● Data to use

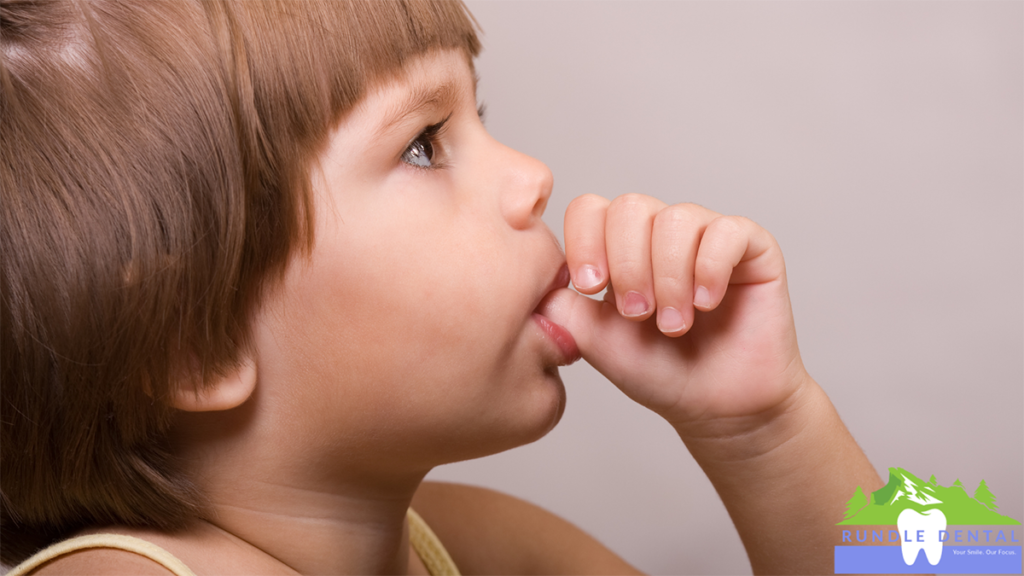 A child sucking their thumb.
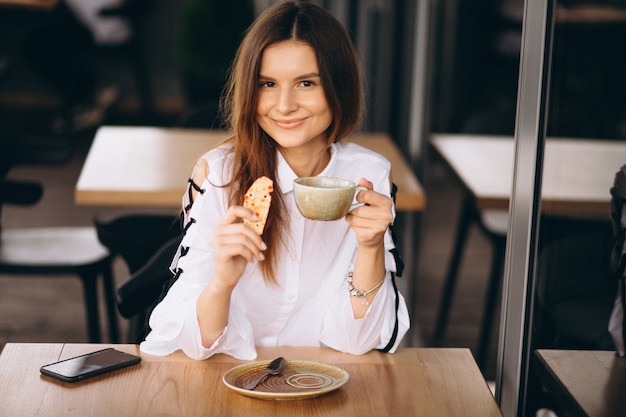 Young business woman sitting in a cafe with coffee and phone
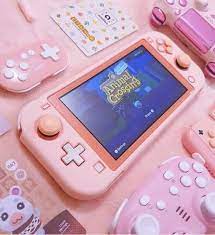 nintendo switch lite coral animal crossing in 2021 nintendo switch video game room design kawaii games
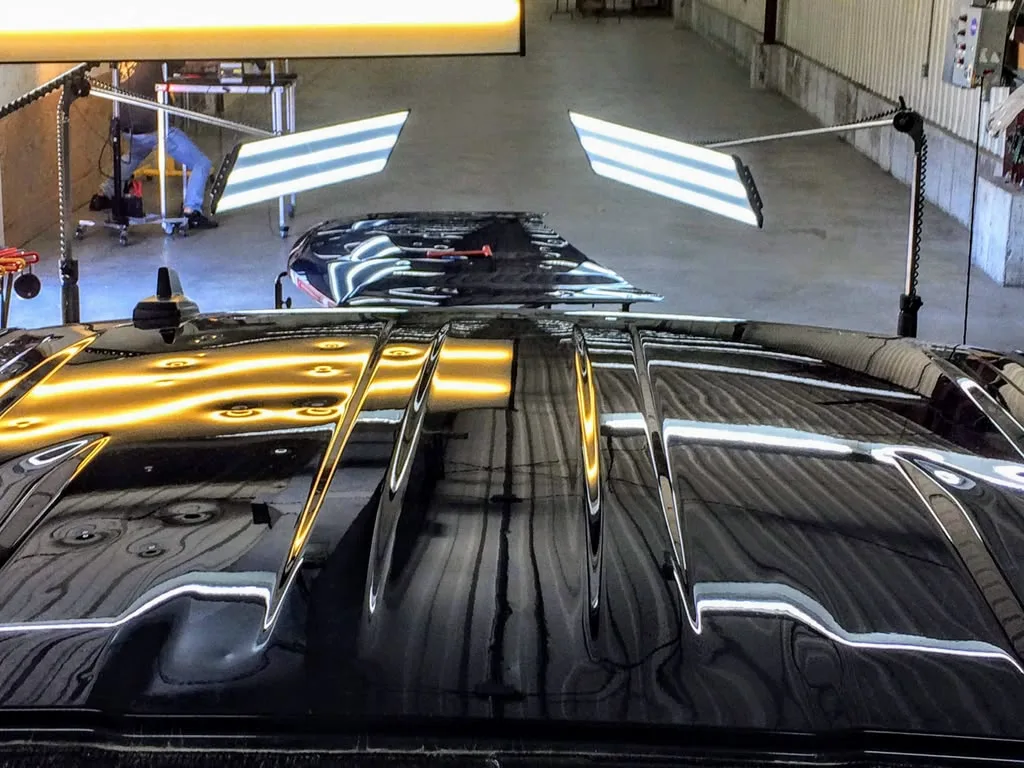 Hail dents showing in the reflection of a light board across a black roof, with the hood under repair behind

==

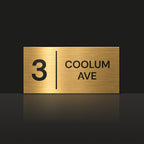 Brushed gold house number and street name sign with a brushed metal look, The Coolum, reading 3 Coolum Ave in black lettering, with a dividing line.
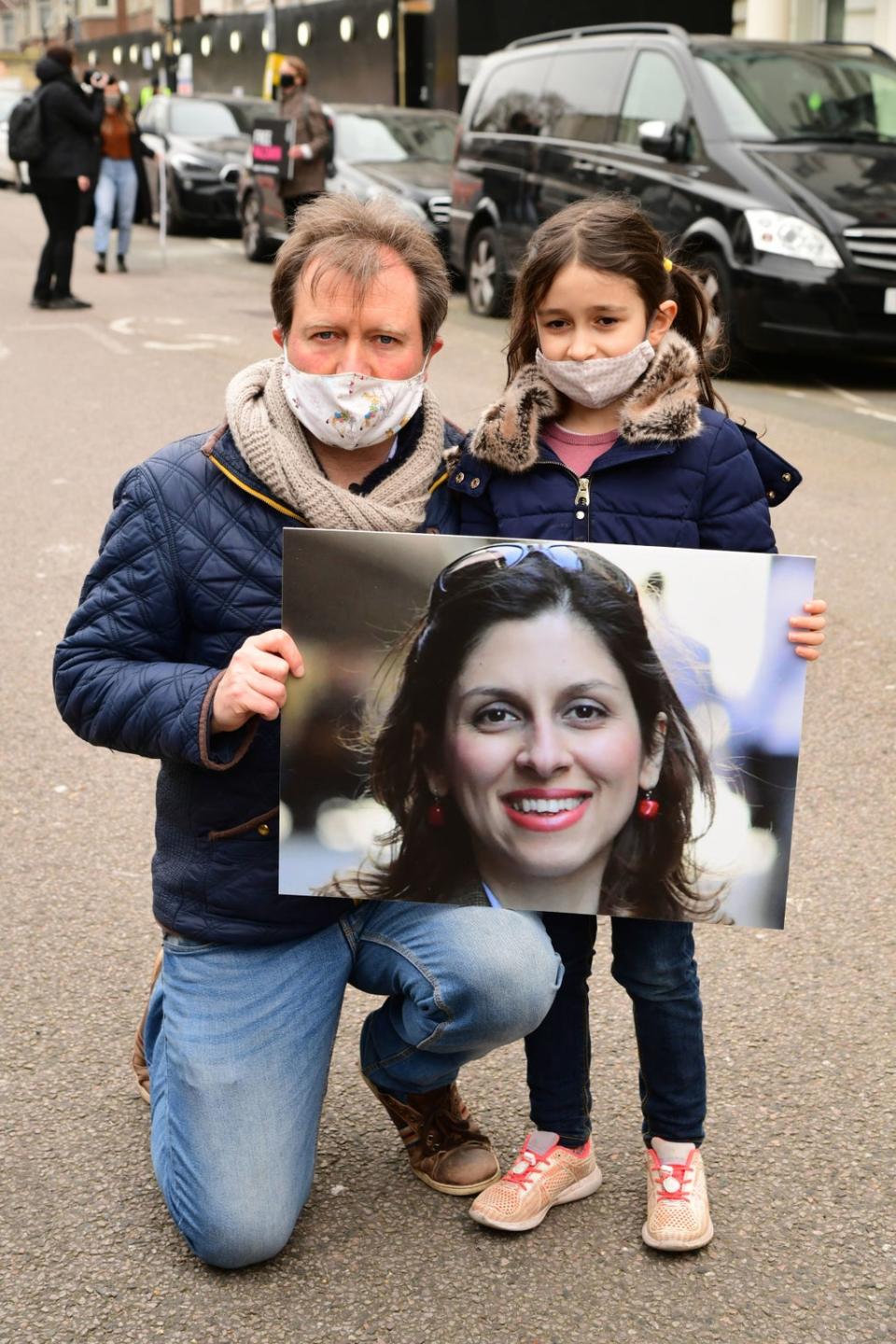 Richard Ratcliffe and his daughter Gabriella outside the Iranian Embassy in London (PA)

---

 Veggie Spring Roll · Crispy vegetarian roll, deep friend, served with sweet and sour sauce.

● Work to be completed
Excluding any pictures, print exactly the lines of the listing above from the line with "A child sucking their thumb." to the line with "nintendo switch lite", both ends included.

● Solution to this problem
 A child sucking their thumb.
 Young business woman sitting in a cafe with coffee and phone
 nintendo switch lite coral animal crossing in 2021 nintendo switch video game room design kawaii games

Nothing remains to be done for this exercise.